#### Work order:
Once you find the line with "Rote brennende Kerze" in the data below, transcribe exactly each line from there to the line with "Large blue inflatable", inclusive, and nothing else. Drop the pictures.

#### Stored dataset items:
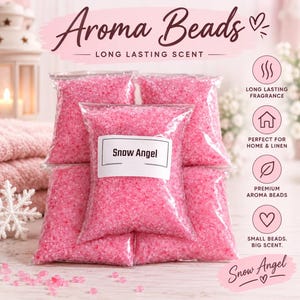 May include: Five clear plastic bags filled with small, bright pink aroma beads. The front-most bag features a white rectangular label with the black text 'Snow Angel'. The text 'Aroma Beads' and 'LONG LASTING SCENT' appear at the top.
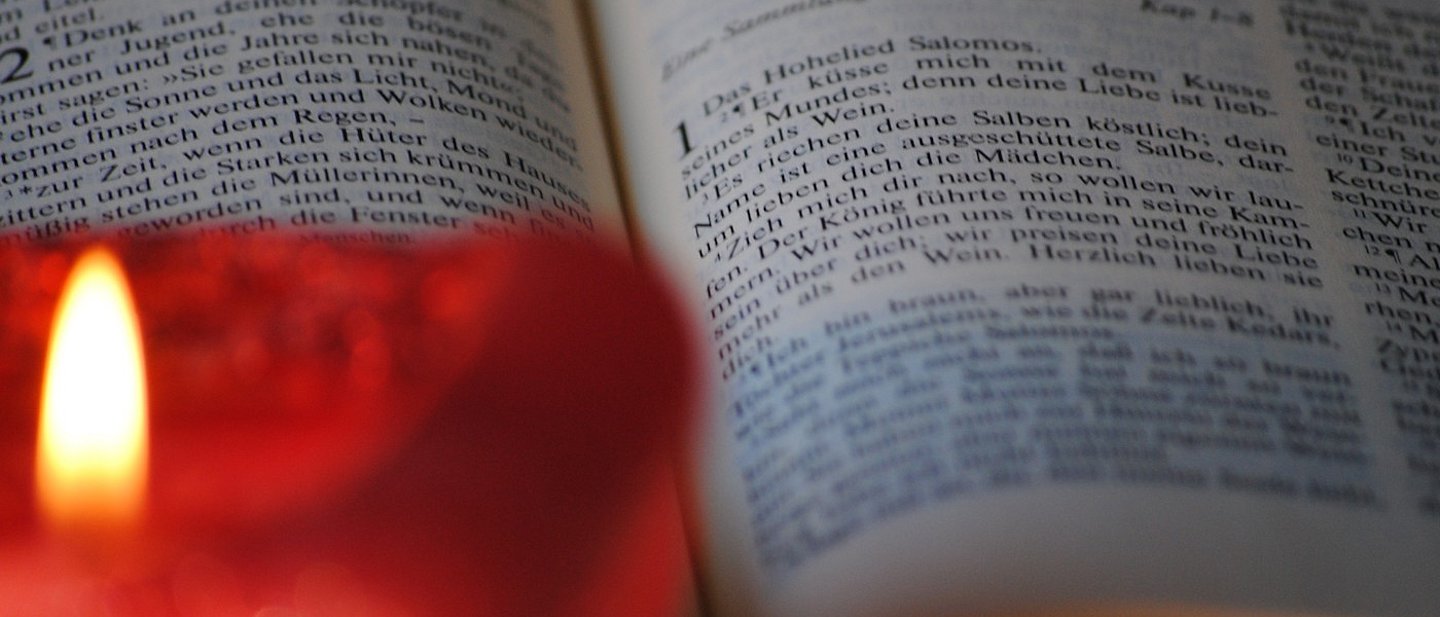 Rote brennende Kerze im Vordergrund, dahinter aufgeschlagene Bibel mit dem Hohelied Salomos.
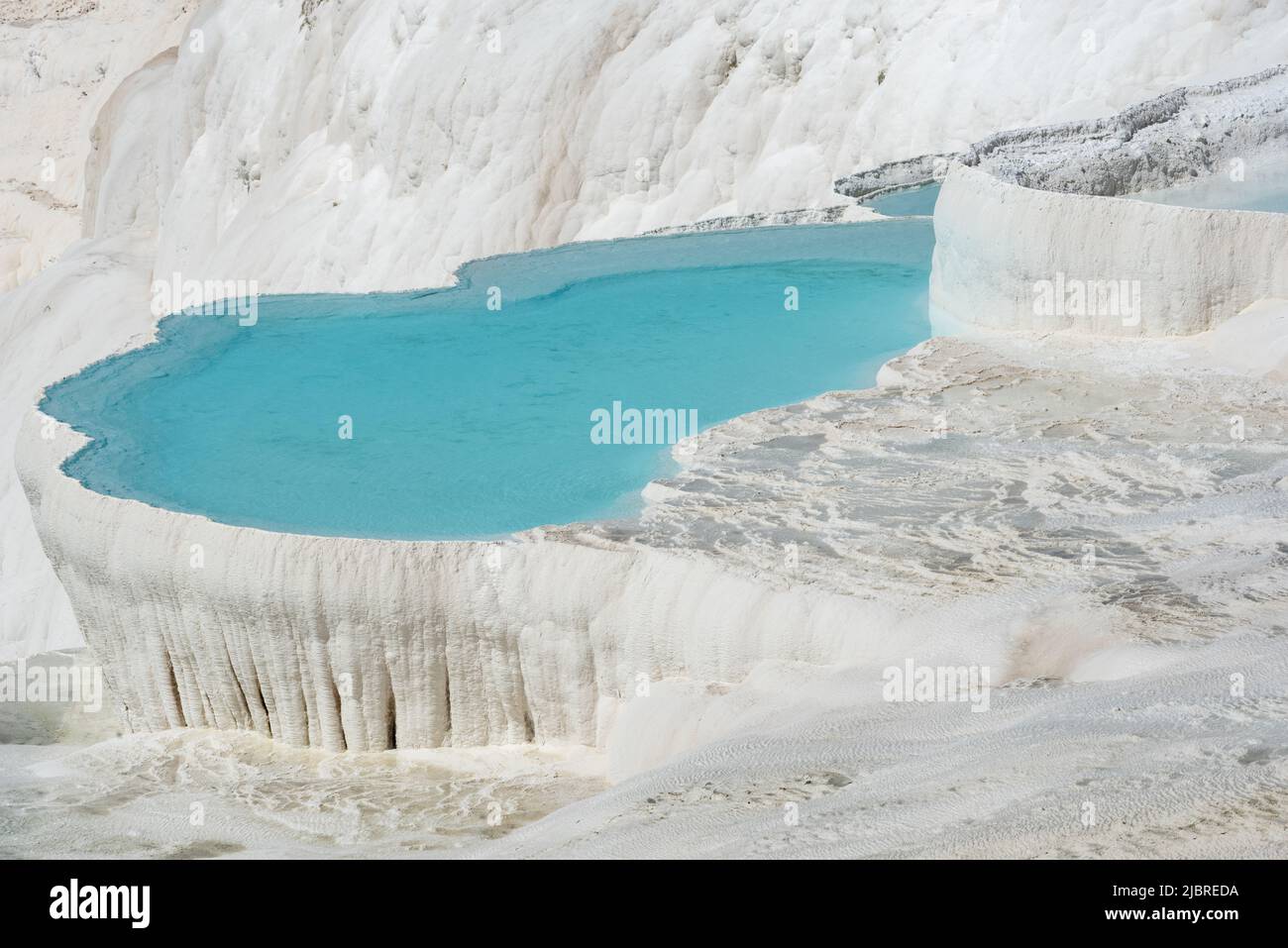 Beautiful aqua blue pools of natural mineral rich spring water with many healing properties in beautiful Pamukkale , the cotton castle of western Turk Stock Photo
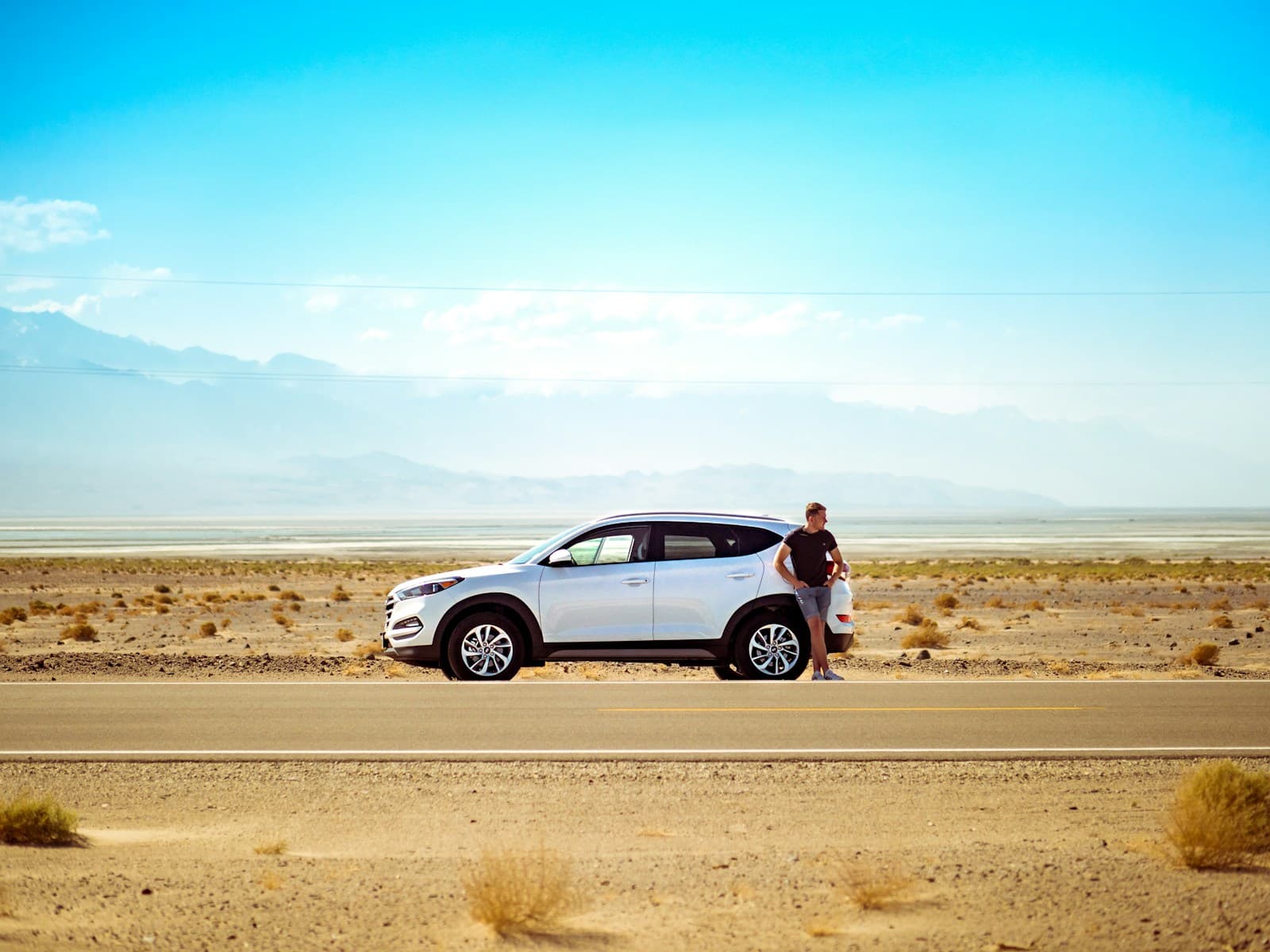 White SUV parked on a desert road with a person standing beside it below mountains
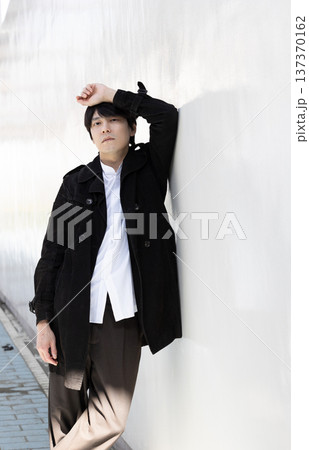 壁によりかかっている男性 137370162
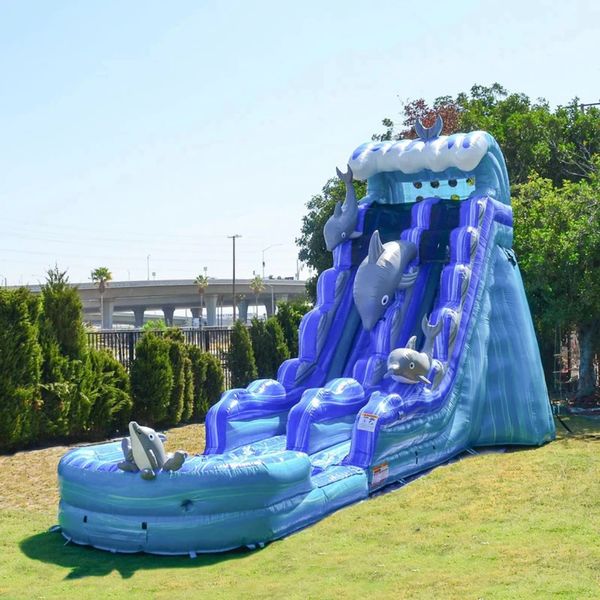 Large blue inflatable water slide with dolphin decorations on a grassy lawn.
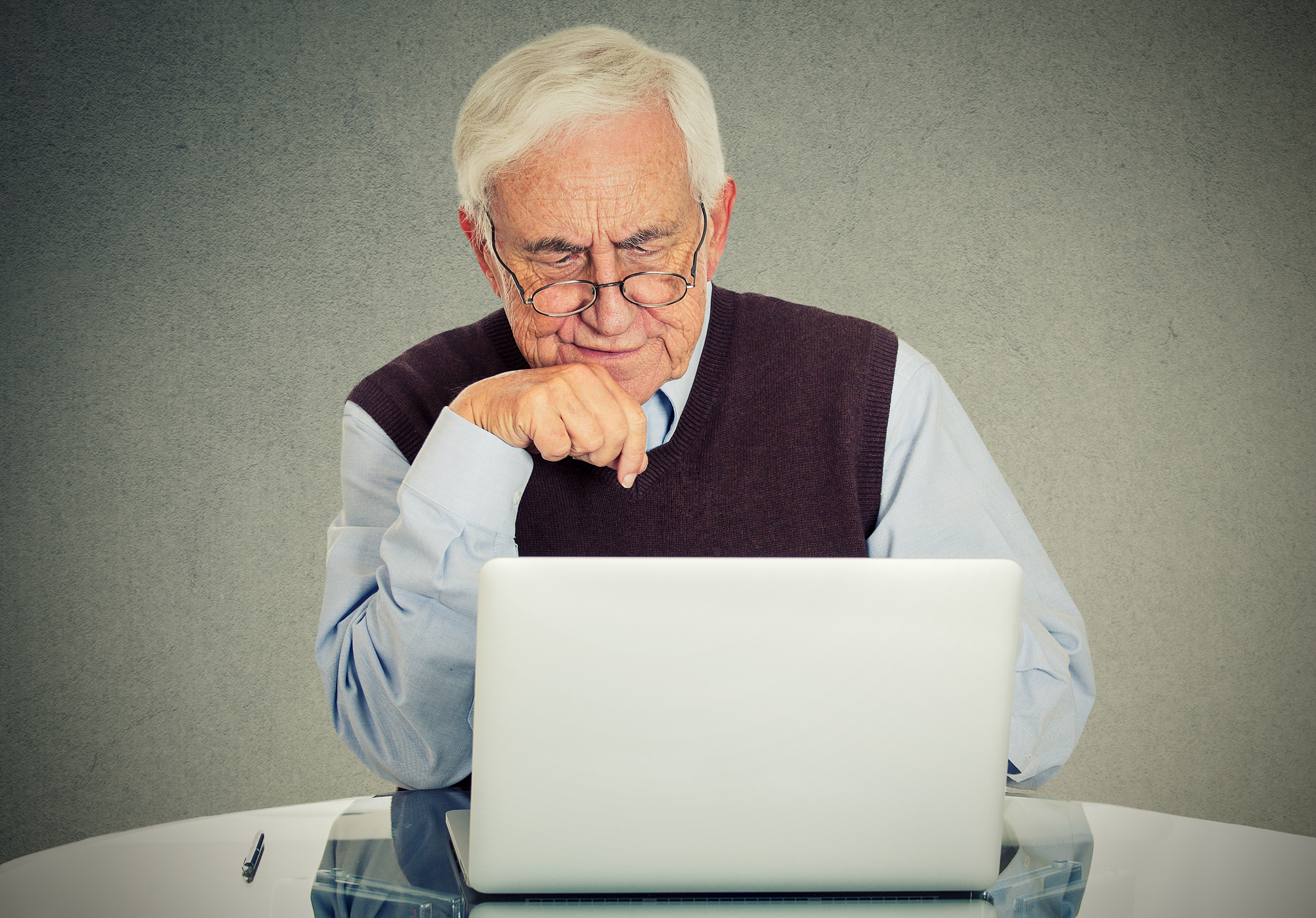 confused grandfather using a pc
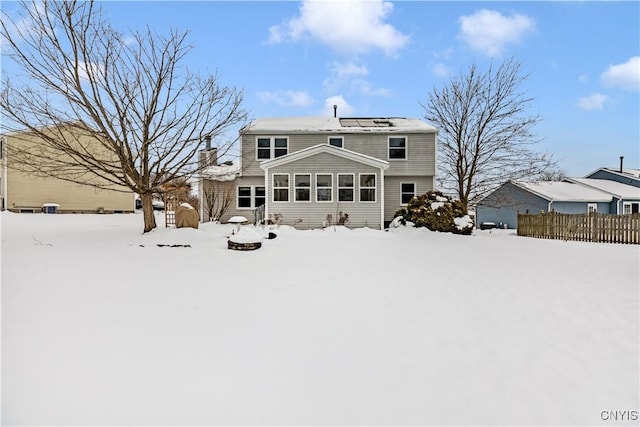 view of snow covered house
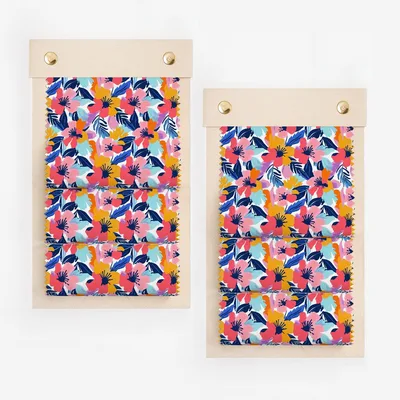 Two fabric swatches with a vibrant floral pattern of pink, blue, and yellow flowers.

#### Written reply:
 Rote brennende Kerze im Vordergrund, dahinter aufgeschlagene Bibel mit dem Hohelied Salomos.
 Beautiful aqua blue pools of natural mineral rich spring water with many healing properties in beautiful Pamukkale , the cotton castle of western Turk Stock Photo
 White SUV parked on a desert road with a person standing beside it below mountains
 壁によりかかっている男性 137370162
 Large blue inflatable water slide with dolphin decorations on a grassy lawn.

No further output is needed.